▶ _What you have to do_: Reproduce, exactly and only, the lines of the data that follows from the one containing "Забор из евроштакетника" down to the one containing "Suzuki Intruder VS 1400 billede 4", without pictures.

-------- Data for processing --------

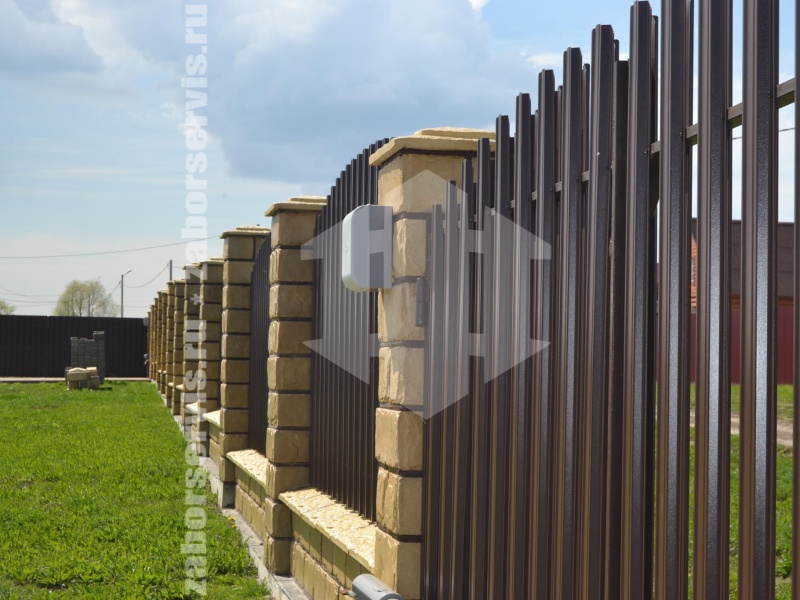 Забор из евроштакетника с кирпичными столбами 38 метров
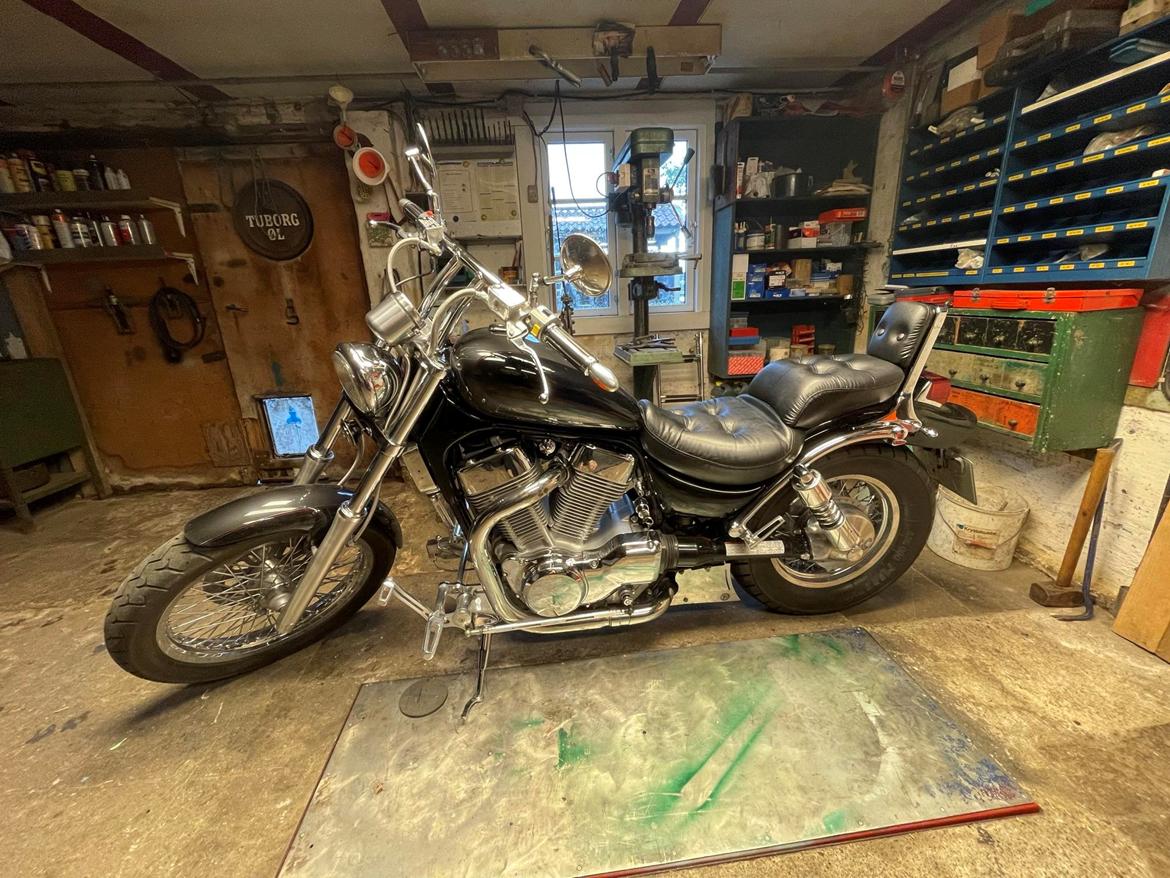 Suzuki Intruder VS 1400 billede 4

--------
-------- Data for processing --------

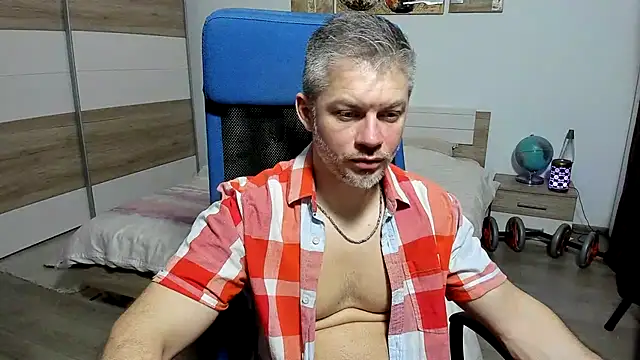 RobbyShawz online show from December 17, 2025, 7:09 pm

--------

▶ _Solution to the problem_:
 Забор из евроштакетника с кирпичными столбами 38 метров
 Suzuki Intruder VS 1400 billede 4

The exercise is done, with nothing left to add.